Miami lost Glenn Cook, who was consistent, but unremarkable.  On the outside they have the ACC's Defensive Rookie of the Year, 6'0" 212lb Sean Spence.  Spence makes a ton of plays because he is rarely blocked (defensive tackles absorbing the blockers).  He is lightning quick and has great football instincts.  He is not great at shedding blockers, however, so the key is to run right at him.  In the middle, the Canes have 10th year Senior Darryl Sharpton.  He's 6'0" 235lbs, and has started 20 games.  Sharpton is a decent player, and should be good at recognizing run flow because he has played forever.  Their other outside linebacker is the very underrated Colin McCarthy.  McCarthy missed last year's FSU game (320 yards rushing allowed), and the 6'3" 235lb outside backer is key to the Cane's defense, particularly because they lost their defensive ends (see above).  A backup capable of playing the middle or the outside is 5* recruit Arthur Brown, who started slow a year ago but had a nice fall camp.  

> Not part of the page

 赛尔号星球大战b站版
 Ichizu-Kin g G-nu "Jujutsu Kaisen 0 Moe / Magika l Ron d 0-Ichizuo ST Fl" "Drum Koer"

Overall, this is a very good linebacker unit.  Other than spence, they don't blow you away with their athleticism, but they are veteran, talented, and have a nice football understanding.  



Front-7 Size

While Miami isn't afraid to bring the safety down into the box to stop the run, (playing cover-1 or cover-3), they would prefer not to do that, and they rarely have to. And one way they are enable to accomplish this (stopping the run with 7 and not 8 men), is with great size. 

We've done a lot of work on this, and you can read out 3-part series "Does Size Matter" here:  Part 1Part 2, and Part 3.

Here's what you need to know:  there were 9 defenses that had a combined front-7 size of more than 1860lbs:  Alabama, South Carolina, Boston College, Wake Forest, Southern Cal, North Carolina, Iowa, Cal, and Florida.  All of those defenses were elite, all have numerous highly regarded NFL prospects, and all forced a lot of turnovers by stopping the run with their size and forcing teams into 2nd and 8+/ 3rd and 5+ situations.  Miami checked in at 1785lbs.  That is not so big as to be able to easily stop the run without using a safety.  Of course, this puts Miami in a bit of a quandry.  Cou can't effectively play cover-2 with 8 in the box.  Of course, when your focus as a safety is on the pass and stopping the run is an afterthought, you will play well against the pass.  Miami got ran on so much last season that their safeties rarely were able to focus solely on the pass, and thus the low interception totals.  There is a much more detailed explanation in the linked articles above. 

This year, their front-7 should be among the biggest in the country again, weighing in at 1777lbs, which is slightly smaller than last year, though the difference is likely negligible because of their improved talent level.  How does that rate against other defensive fronts FSU played last year?  

There are two ways to stop FSU's running game and not get burned by the bubble screen (a pass FSU throws exceptionally well)  Essentially, the bubble screen is a tool to make sure that the defense plays 7 in the box and not 8.  If the defense cheats and brings extra men against the run, we throw the bubble to keep them honest. : 

  1. The first is to have a huge, disciplined front 7, that is difficult to cut block.  One that takes good angles and doesn't allow cutbacks.  This allows teams to play straight upon the receivers, also maintaining deep coverage.  Or...
  2. Play 8 in the box and play zero coverage-press man against each receiver.  Virginia Tech did this and they were eventually burned deep.  This requires excellent athletes in the secondary, and nobody on FSU's schedule should expect their cornerbacks to cover FSU's 4 and 5* receivers without safety help.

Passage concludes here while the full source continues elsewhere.